Veröffentlichungen: Zeitalter

Wie Zeitalter besichtigt werden

Drei Bücher geben Auskunft über die Gedanken ihrer Zeit

Von Micha Hektor Haarkötter

Das 20. Jahrhundert ist ja, im Rückblick, ziemlich scheiße verlaufen. Nein, gerne wird man sich in ein paar hundert Jahren vermutlich nicht mehr an es erinnern. „Das schlimmste Jahrhundert, das es jemals gegeben hat“, nannte es der Oxforder Philosoph Isaiah Berlin. Wenn er da mal nicht untertrieben hat!

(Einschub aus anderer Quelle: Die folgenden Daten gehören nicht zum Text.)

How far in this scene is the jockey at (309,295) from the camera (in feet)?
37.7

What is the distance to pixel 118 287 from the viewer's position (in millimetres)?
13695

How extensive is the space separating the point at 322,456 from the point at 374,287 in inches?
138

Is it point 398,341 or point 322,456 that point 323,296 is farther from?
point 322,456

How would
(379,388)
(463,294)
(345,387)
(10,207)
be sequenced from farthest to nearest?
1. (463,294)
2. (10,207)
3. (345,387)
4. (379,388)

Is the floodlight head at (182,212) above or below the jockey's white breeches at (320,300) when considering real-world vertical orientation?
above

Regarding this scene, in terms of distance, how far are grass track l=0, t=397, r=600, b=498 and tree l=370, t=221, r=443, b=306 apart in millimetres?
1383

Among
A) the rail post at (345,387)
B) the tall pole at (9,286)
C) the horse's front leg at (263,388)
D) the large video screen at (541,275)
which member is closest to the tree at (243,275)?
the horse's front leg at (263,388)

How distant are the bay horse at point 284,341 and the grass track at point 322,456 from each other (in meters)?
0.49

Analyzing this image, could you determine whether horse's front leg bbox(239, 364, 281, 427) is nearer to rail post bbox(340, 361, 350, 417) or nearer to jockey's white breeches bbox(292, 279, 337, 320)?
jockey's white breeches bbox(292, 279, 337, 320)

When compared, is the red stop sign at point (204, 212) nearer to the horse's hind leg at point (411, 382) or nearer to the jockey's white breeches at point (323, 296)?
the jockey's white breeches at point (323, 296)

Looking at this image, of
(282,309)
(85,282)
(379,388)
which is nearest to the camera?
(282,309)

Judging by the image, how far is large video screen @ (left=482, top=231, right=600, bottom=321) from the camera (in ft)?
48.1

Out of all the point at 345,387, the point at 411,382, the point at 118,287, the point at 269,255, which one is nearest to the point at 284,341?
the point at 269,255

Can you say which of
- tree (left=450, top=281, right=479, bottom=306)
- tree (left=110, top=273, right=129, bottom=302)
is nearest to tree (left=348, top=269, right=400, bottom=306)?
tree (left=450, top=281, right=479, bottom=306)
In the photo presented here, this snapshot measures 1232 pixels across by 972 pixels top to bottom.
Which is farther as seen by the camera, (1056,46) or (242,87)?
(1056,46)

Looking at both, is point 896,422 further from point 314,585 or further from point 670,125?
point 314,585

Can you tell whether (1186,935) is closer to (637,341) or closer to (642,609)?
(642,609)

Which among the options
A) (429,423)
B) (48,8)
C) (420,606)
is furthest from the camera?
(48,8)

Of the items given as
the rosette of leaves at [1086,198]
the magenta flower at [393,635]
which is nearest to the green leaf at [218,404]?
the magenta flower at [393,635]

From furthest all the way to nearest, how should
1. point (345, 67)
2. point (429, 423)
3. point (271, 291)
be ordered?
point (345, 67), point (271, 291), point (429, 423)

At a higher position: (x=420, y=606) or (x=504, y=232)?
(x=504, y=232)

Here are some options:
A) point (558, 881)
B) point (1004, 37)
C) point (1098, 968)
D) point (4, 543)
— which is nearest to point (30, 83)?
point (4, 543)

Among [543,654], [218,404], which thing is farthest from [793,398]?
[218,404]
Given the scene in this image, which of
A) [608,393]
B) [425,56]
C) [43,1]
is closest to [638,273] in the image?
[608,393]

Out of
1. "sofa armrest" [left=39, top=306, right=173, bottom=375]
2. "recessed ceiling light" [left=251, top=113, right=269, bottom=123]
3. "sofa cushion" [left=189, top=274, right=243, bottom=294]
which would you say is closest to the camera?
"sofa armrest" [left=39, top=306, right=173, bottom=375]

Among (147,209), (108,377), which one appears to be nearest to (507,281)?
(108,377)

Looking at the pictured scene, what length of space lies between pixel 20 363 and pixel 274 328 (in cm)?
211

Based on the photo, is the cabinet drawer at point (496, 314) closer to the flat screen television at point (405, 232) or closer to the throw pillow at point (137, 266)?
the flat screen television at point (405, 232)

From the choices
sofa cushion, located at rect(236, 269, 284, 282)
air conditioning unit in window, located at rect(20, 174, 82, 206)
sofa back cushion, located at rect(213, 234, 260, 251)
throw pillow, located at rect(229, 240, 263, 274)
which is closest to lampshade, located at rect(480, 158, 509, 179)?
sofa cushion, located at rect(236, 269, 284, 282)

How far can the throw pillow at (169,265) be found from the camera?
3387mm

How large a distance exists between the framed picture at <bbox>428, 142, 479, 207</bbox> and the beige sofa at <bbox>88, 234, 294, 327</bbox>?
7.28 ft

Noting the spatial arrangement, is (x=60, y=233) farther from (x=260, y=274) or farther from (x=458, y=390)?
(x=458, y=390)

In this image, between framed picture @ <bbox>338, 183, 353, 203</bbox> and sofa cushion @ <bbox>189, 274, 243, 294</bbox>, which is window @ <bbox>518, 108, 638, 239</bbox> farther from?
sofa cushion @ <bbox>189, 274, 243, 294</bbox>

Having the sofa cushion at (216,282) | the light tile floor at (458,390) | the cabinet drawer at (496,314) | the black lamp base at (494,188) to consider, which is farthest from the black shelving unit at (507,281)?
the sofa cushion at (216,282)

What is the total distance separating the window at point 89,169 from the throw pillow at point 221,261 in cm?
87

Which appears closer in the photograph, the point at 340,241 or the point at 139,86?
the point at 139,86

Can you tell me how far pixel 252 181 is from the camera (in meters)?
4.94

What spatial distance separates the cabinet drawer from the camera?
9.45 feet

Dabei hatte alles so prima angegangen. Zwar ist das Zählen in Jahrhunderten nur eine gesellschaftliche Konvention, noch dazu eine, die für den größeren Teil der Menschheit von eher marginaler Bedeutung ist. Doch in jenem Jahr, das der Westen 1900 nennt, begann ein in jeder Hinsicht bemerkenswertes Zeitalter. Denn im und um das Jahr 1900 wurden die wesentlichen Entdeckungen gemacht, die alle Weltbilder auf den Kopf stellten und für die folgenden hundert Jahre das wissenschaftliche, philosophische und kulturelle Nachdenken bestimmten: Das Elektron, das Gen, das Quant und das Unbewußte.

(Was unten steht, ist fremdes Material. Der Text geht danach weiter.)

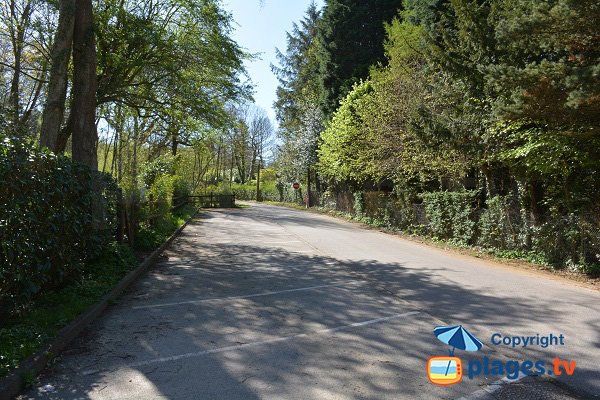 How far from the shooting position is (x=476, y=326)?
6188mm

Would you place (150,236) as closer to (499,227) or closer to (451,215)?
(451,215)

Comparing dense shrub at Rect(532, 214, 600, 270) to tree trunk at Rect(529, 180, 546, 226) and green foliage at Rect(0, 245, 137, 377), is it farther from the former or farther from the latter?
green foliage at Rect(0, 245, 137, 377)

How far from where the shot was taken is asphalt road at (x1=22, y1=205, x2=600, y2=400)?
165 inches

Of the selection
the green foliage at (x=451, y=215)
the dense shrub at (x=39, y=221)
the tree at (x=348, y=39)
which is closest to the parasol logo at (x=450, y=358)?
the dense shrub at (x=39, y=221)

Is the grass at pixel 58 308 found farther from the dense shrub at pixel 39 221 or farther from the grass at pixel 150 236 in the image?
the grass at pixel 150 236

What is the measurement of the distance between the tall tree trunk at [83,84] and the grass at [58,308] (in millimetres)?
2628

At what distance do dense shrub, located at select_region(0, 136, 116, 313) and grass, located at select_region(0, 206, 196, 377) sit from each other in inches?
9.1

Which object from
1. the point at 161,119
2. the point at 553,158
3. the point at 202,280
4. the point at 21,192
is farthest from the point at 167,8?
the point at 553,158

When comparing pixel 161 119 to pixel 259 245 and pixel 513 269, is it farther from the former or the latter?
pixel 513 269

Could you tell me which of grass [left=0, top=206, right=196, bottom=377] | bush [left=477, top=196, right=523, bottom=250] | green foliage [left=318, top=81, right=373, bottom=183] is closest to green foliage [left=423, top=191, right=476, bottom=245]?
bush [left=477, top=196, right=523, bottom=250]

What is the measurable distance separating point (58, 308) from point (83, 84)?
22.1ft

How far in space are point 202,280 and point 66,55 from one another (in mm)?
5924

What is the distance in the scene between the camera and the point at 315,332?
586cm

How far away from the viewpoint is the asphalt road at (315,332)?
4.20 meters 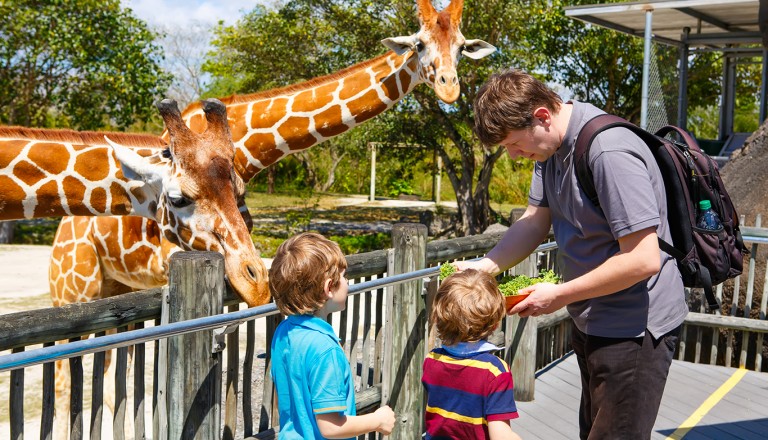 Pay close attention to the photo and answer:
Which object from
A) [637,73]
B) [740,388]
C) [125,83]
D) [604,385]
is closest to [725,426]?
[740,388]

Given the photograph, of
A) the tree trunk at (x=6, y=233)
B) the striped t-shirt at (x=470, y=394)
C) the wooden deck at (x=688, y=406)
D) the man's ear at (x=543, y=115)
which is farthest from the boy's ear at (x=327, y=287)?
the tree trunk at (x=6, y=233)

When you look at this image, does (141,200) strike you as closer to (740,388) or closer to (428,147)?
(740,388)

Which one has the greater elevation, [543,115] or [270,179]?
[543,115]

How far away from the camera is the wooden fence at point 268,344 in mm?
2473

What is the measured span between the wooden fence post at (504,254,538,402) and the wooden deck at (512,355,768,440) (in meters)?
0.11

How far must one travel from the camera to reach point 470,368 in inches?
100.0

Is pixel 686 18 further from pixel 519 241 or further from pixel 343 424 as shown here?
pixel 343 424

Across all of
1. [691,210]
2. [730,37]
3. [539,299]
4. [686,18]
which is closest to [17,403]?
[539,299]

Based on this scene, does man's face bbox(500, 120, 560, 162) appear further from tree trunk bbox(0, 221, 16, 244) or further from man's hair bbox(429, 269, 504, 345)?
tree trunk bbox(0, 221, 16, 244)

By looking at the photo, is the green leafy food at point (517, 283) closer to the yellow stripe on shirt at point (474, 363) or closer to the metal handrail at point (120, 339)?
the yellow stripe on shirt at point (474, 363)

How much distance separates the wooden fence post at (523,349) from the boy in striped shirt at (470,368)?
2804mm

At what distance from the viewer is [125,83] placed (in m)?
15.4

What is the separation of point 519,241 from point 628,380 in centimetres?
72

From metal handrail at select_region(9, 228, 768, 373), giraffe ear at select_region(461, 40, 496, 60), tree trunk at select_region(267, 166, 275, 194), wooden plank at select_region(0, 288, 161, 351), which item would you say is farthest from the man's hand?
tree trunk at select_region(267, 166, 275, 194) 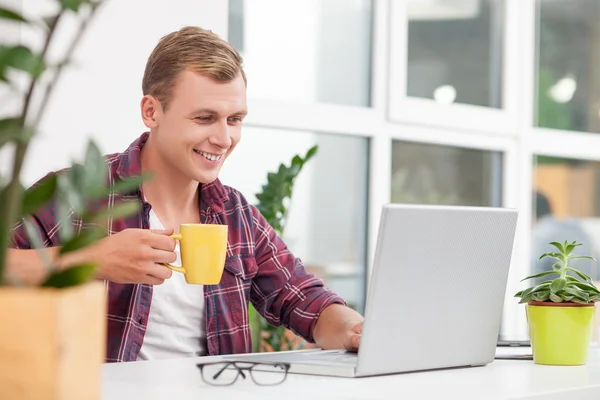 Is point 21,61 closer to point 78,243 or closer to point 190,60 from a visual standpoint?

Die Geschichte dieses Nachdenkens will Peter Watson in seinem voluminösen Buch „Das Lächeln der Medusa“ erzählen und somit der LeserIn in einer über tausendseitigen „tour de force“ mit erzählerischen Mitteln jene Geschichten nahe bringen, die vom maledeiten 20. Jahrhundert ruhigen Gewissens weitererzählt werden dürfen.

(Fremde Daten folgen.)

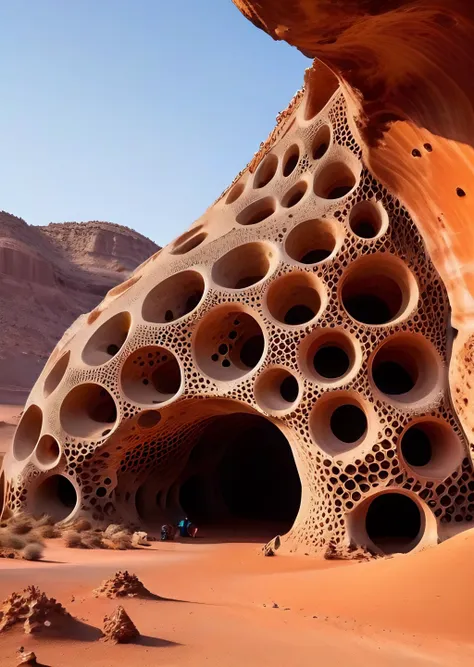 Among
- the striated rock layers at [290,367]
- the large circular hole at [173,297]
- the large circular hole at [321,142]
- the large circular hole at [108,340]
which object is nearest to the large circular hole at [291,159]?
the striated rock layers at [290,367]

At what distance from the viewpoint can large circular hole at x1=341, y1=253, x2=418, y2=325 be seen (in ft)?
39.9

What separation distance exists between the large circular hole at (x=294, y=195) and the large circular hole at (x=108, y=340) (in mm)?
4229

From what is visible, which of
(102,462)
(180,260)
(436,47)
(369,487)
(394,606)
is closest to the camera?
(436,47)

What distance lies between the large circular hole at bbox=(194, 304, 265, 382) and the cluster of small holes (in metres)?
0.11

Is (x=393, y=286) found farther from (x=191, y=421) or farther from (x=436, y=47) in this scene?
(x=436, y=47)

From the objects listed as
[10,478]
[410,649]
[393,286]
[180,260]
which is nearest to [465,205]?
[410,649]

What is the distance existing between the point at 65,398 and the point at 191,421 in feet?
8.83

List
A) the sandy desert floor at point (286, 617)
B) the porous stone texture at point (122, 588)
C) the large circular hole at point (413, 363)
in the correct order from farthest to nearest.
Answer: the large circular hole at point (413, 363) → the porous stone texture at point (122, 588) → the sandy desert floor at point (286, 617)

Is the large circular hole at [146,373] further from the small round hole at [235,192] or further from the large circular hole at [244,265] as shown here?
the small round hole at [235,192]

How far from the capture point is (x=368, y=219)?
13188mm

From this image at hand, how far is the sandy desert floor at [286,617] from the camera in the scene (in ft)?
13.5

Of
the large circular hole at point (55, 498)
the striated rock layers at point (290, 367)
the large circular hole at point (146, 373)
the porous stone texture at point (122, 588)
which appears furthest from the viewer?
the large circular hole at point (55, 498)

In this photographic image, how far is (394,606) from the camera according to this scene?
547 centimetres

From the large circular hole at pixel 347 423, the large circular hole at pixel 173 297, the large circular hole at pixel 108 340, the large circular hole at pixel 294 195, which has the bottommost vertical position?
the large circular hole at pixel 347 423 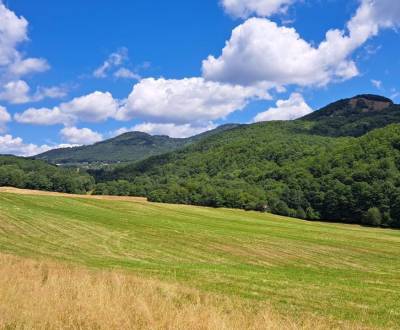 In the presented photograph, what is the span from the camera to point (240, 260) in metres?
30.8

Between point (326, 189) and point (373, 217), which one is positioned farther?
point (326, 189)

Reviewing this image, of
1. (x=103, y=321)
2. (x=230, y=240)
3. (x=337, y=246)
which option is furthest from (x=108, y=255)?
(x=337, y=246)

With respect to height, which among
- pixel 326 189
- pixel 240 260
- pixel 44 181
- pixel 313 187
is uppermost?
pixel 313 187

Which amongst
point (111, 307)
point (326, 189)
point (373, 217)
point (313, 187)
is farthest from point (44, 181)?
point (111, 307)

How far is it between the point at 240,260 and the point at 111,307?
73.2ft

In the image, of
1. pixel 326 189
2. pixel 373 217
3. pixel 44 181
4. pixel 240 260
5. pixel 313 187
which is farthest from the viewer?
pixel 44 181

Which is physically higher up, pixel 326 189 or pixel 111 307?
pixel 326 189

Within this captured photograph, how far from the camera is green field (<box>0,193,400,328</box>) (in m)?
14.5

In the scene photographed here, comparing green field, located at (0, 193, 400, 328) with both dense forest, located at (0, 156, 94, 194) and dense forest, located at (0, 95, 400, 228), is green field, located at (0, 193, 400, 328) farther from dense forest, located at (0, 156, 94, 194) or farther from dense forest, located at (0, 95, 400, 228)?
dense forest, located at (0, 156, 94, 194)

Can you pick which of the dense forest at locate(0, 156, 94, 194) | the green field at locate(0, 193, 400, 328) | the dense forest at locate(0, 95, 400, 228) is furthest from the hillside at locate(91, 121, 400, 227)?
the green field at locate(0, 193, 400, 328)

Ein Zeitalter wird besichtigt: Neben den großen Geistern und markanten Linien hat Peter Watson in seinem lässigen Plauderton immer auch einen Blick fürs Anekdotische, fürs amüsante Detail. Fleißig durchgearbeitet breitet Watson locker Stoff für das nächste Jahrzehnt von „Wer wird Millionär“ aus. Wer weiß schon, welches die einzige chemische Formel war, die jemals den Aufmacher der New York Times einnahm? Nein, es war nicht Einsteins e=mc2. Es war vielmehr C7H38O43, die chemische Formel für Kunstharz, die der Belgier Baekeland im gleichen Jahr entdeckt hatte und mit der zum ersten Mal ein Kunststoff produziert werden konnte, das Bakelit.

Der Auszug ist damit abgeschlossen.